SUPPLIED MATERIAL -
§ §

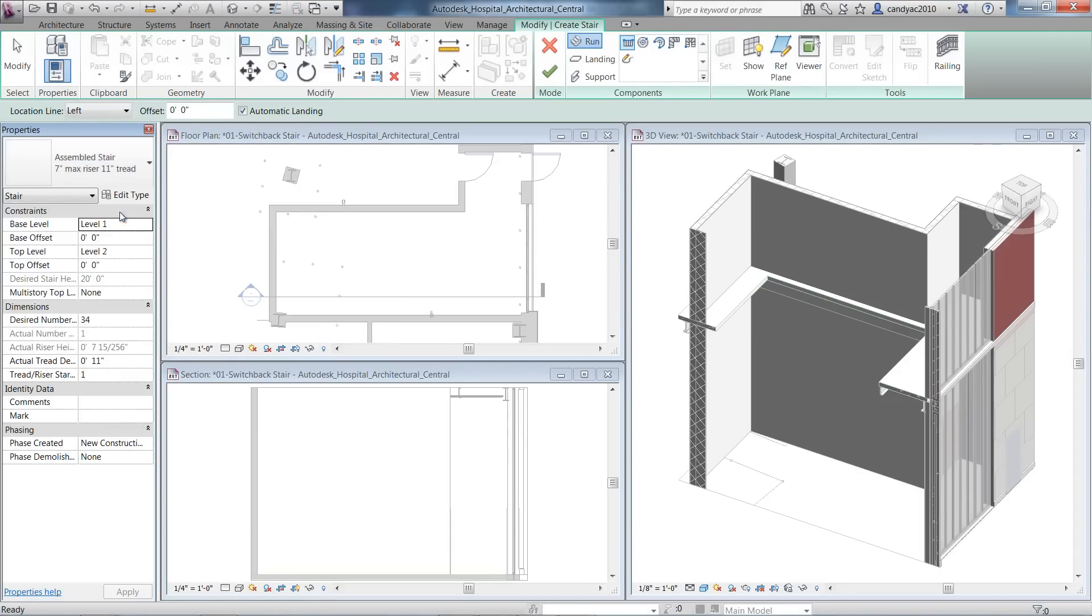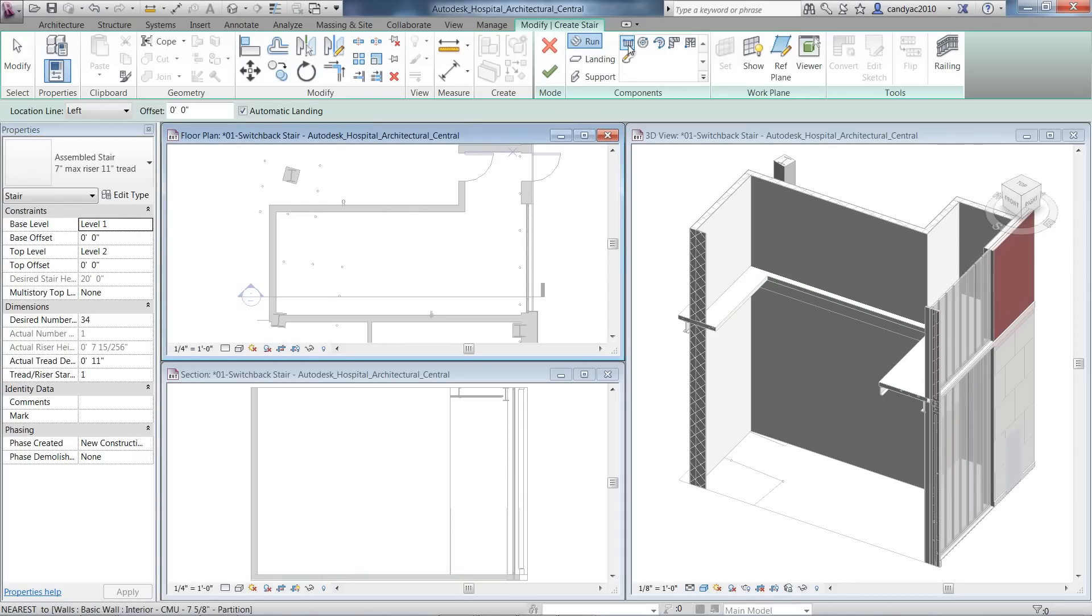We will select Assemble Stair in this example to create a switchback stair. You can select Straight Run Tool with the option to create the landings automatically.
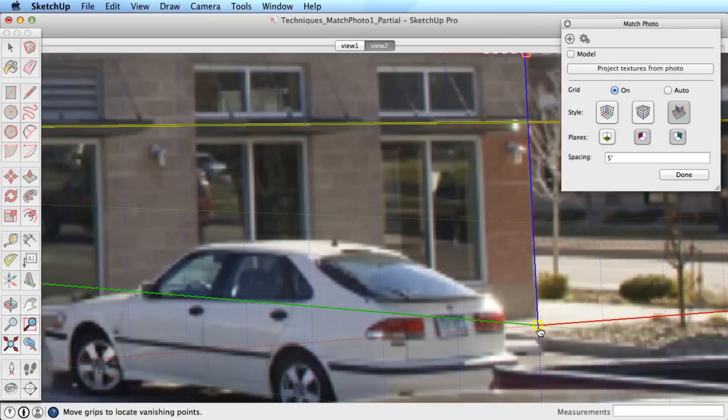Then move the axis origin to the same location that we had established from the last photo. It was over here at this corner.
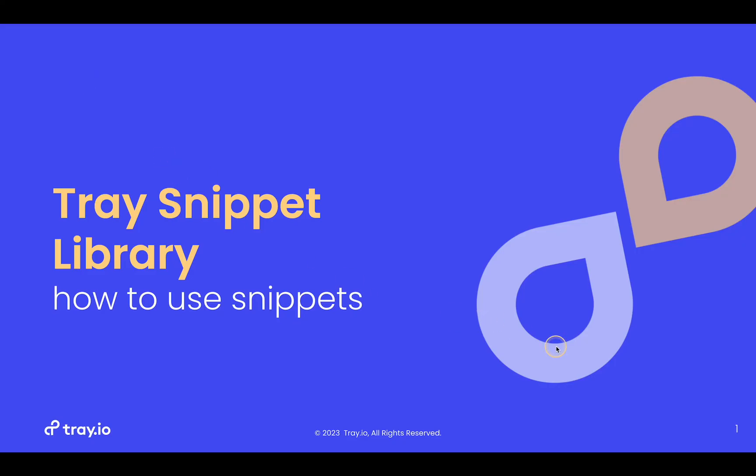That is it for snippets. Hopefully, people enjoy these and find pasting them into their workflows very easy and help you get started even faster. Let us know what else you'd like to see in the snippet library and happy building!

§ §

WHAT THIS TASK INVOLVES - Without including any pictures, print all of the material exactly as given.

RESPONSE TO THIS EXERCISE -
We will select Assemble Stair in this example to create a switchback stair. You can select Straight Run Tool with the option to create the landings automatically.
Then move the axis origin to the same location that we had established from the last photo. It was over here at this corner.
That is it for snippets. Hopefully, people enjoy these and find pasting them into their workflows very easy and help you get started even faster. Let us know what else you'd like to see in the snippet library and happy building!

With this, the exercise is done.